Currently, there is no real way to import deduplication algorithm and use it as a dependency in my python code without almost totally rewriting the content of main (the code under if __name__ == "__main__") - I think it would be beneficial to simply extract logic to sth. like main() function, and then in real "main" just construct parser, and pass parsed parameters to main.

It is definitely possible. But I will need some time testing them, as some scripts depend on global variables and specific multiprocessing setup.

Now it is possible to call each script's main function like this:

import click

from text_dedup.bloom_filter import main as bf_main
from text_dedup.utils import BloomFilterArgs
from text_dedup.utils import IOArgs
from text_dedup.utils import MetaArgs


ctx = click.Context(bf_main)
ctx.invoke(bf_main,
    io_args=IOArgs(
        path="allenai/c4",
        name="xh",
        split="train",
        cache_dir=".cache",
        output=".temp-output",
    ),
    meta_args=MetaArgs(
        column="text",
        batch_size=10000
    ),
    bloom_filter_args=BloomFilterArgs()
)

* the click context is necessary to bridge CLI and inline functions.
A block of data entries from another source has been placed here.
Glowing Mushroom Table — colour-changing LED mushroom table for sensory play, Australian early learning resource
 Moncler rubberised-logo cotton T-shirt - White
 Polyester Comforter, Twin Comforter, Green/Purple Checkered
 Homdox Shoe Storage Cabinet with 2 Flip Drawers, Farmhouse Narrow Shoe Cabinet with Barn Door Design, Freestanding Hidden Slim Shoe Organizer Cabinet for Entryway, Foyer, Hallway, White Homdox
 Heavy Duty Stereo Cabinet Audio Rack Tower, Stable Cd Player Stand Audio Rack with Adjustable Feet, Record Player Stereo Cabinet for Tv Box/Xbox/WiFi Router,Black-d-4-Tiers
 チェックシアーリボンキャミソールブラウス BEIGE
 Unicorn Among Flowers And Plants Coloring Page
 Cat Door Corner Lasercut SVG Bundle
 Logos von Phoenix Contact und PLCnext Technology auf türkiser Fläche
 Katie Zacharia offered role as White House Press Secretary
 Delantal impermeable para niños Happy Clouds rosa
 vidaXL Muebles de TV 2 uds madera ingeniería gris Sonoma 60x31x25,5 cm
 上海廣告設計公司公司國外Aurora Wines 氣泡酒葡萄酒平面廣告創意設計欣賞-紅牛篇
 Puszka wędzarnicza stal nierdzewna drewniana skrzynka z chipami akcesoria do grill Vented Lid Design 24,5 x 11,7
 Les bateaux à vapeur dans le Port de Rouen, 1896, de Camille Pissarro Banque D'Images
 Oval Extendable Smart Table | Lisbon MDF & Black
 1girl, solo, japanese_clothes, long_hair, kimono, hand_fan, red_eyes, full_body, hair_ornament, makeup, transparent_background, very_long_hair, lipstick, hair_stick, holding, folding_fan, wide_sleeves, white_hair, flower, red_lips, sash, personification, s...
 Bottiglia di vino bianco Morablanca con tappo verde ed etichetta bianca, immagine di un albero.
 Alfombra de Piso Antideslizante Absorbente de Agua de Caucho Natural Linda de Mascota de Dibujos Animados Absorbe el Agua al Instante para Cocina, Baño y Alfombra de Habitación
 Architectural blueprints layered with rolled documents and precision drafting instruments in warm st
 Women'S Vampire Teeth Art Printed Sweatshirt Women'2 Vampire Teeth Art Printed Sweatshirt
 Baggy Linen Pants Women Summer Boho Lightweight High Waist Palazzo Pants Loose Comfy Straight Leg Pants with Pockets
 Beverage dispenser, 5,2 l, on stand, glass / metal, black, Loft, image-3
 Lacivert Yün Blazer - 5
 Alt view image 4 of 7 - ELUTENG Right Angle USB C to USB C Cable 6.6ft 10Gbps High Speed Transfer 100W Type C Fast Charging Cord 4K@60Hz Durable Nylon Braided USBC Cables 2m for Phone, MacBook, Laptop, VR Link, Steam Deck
Of course, you can always call each script with subprocess:

import subprocess

subprocess.run(
    [
        "python",
        "-m",
        "text_dedup.minhash",
        "--path",
        "allenai/c4",
        "--name",
        "xh",
        "--split",
        "train",
        "--cache_dir",
        ".cache",
        "--output",
        ".temp-output",
        "--column",
        "text",
        "--batch_size",
        "10000",
    ],
    capture_output=True,
    text=True,
)

Stale issue message